● Task item: Write out the whole listing word for word.

__________________________________________________

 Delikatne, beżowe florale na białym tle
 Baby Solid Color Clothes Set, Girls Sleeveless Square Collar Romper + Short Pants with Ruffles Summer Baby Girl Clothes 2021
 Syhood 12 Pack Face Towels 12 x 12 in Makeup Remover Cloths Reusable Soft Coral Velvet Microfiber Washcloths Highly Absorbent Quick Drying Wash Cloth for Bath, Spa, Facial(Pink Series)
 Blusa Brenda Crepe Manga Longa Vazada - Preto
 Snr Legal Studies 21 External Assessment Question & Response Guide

__________________________________________________

● Reply to the exercise:
 Delikatne, beżowe florale na białym tle
 Baby Solid Color Clothes Set, Girls Sleeveless Square Collar Romper + Short Pants with Ruffles Summer Baby Girl Clothes 2021
 Syhood 12 Pack Face Towels 12 x 12 in Makeup Remover Cloths Reusable Soft Coral Velvet Microfiber Washcloths Highly Absorbent Quick Drying Wash Cloth for Bath, Spa, Facial(Pink Series)
 Blusa Brenda Crepe Manga Longa Vazada - Preto
 Snr Legal Studies 21 External Assessment Question & Response Guide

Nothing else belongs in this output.